We have audited AEGON N.V.’s internal control over financial reporting as of December 31, 2011, based on criteria established in Internal Control—Integrated Framework issued by the Committee of Sponsoring Organizations of the Treadway Commission (the COSO criteria). AEGON N.V.’s management is responsible for maintaining effective internal control over financial reporting, and for its assessment of the effectiveness of internal control over financial reporting included in the accompanying Management’s Annual Report on Internal Control over Financial Reporting. Our responsibility is to express an opinion on the company’s internal control over financial reporting based on our audit.
We conducted our audit in accordance with the standards of the Public Company Accounting Oversight Board (United States). Those standards require that we plan and perform the audit to obtain reasonable assurance about whether effective internal control over financial reporting was maintained in all material respects. Our audit included obtaining an understanding of internal control over financial reporting, assessing the risk that a material weakness exists, testing and
ANNUAL REPORT 2011 129
evaluating the design and operating effectiveness of internal control based on the assessed risk, and performing such other procedures as we considered necessary in the circumstances.
We believe that our audit provides a reasonable basis for our opinion.
A company’s internal control over financial reporting is a process designed to provide reasonable assurance regarding the reliability of financial reporting and the preparation of financial statements for external purposes in accordance with generally accepted accounting principles.
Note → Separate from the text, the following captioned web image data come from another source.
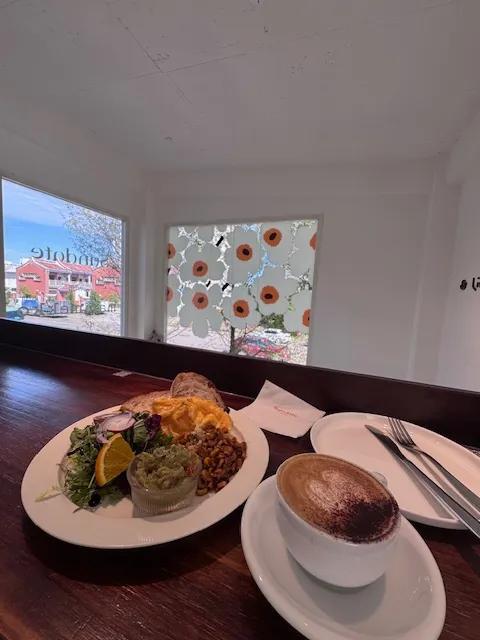 從左邊窗外可看張廖家廟，photo by bookarchery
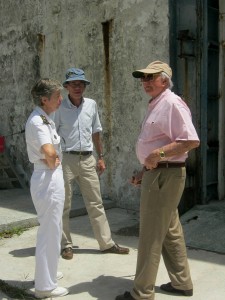 Visite de Gaston Flosse à Moruroa © Présidence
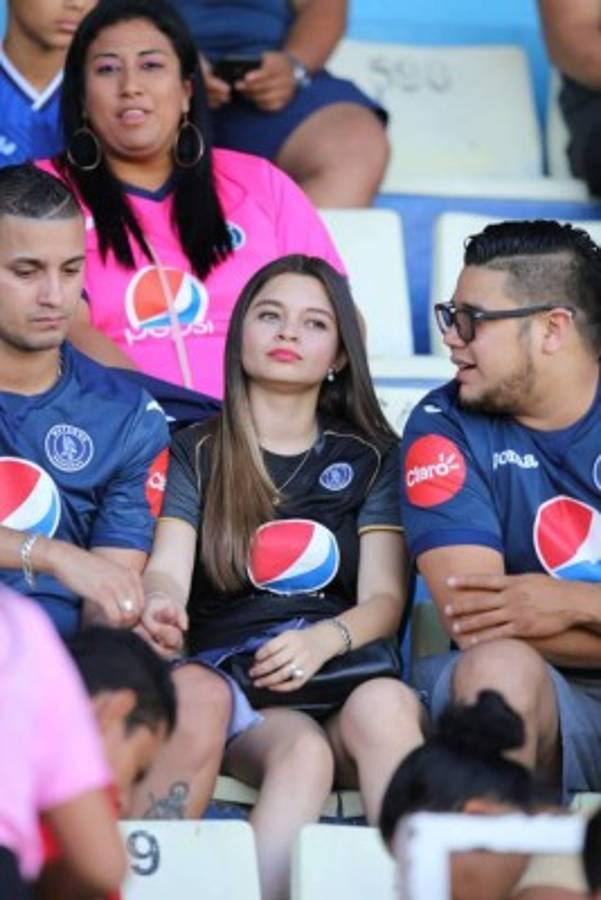 FOTOS: Las bellas chicas que adornaron la semifinal Motagua-Platense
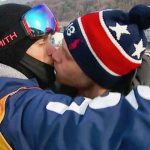 Un beso reivindicando la homosexualidad causa sensación en Pyeongchang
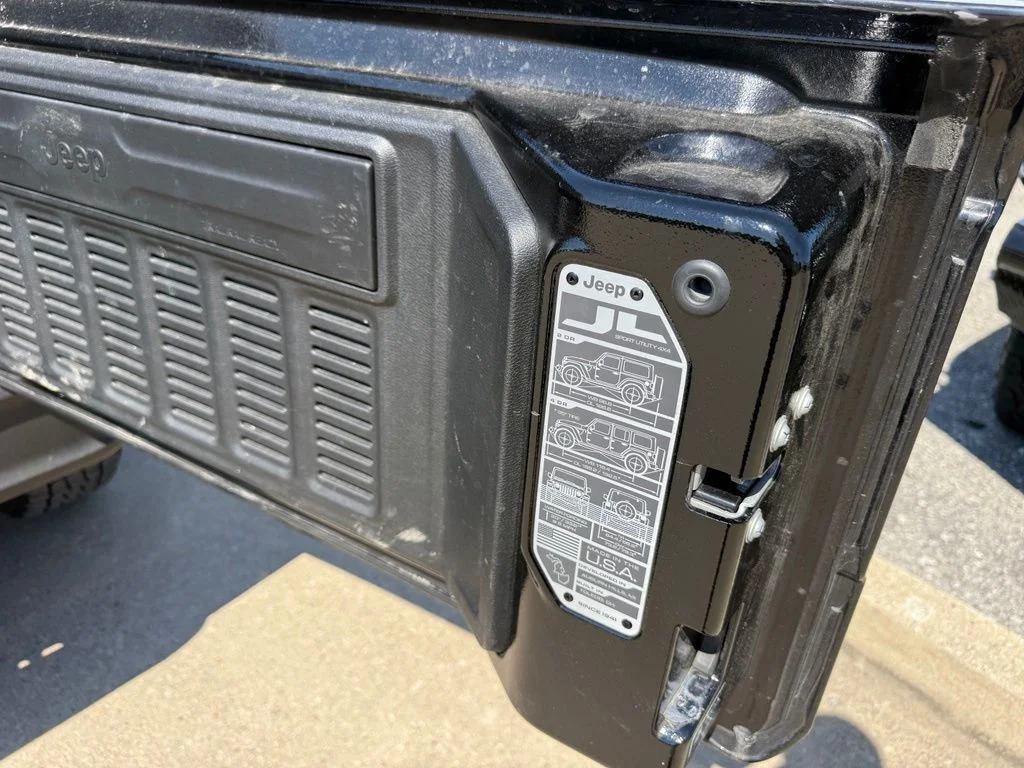 Used 2022 Black Jeep Willys image 27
A company’s internal control over financial reporting includes those policies and procedures that (1) pertain to the maintenance of records that, in reasonable detail, accurately and fairly reflect the transactions and dispositions of the assets of the company; (2) provide reasonable assurance that transactions are recorded as necessary to permit preparation of financial statements in accordance with generally accepted accounting principles, and that receipts and expenditures of the company are being made only in accordance with authorizations of management and directors of the company; and (3) provide reasonable assurance regarding prevention or timely detection of unauthorized acquisition, use or disposition of the company’s assets that could have a material effect on the financial statements.
Because of its inherent limitations, internal control over financial reporting may not prevent or detect misstatements.
Also, projections of any evaluation of effectiveness to future periods are subject to the risk that controls may become inadequate because of changes in conditions, or that the degree of compliance with the policies or procedures may deteriorate.
In our opinion, AEGON N.V. maintained, in all material respects, effective internal control over financial reporting as of December 31, 2011, based on the COSO criteria.
We also have audited, in accordance with the standards of the Public Company Accounting Oversight Board (United States), the consolidated financial statements of AEGON N.V., which comprise the consolidated statements of financial position as of December 31, 2011 and 2010, the related consolidated income statements, statements of comprehensive income, statements of changes in equity, and cash flow statements for each of the three years in the period ended December 31, 2011 of AEGON N.V., and our report dated March 21, 2012 expressed an unqualified opinion thereon.
The Hague, The Netherlands, March 21, 2012 Ernst & Young Accountants LLP
D. CHANGES IN INTERNAL CONTROLS OVER FINANCIAL REPORTING
There have been no changes in internal controls over financial reporting during the period covered by this Annual Report that have materially affected, or reasonably likely to affect, over AEGON’s internal controls over financial reporting.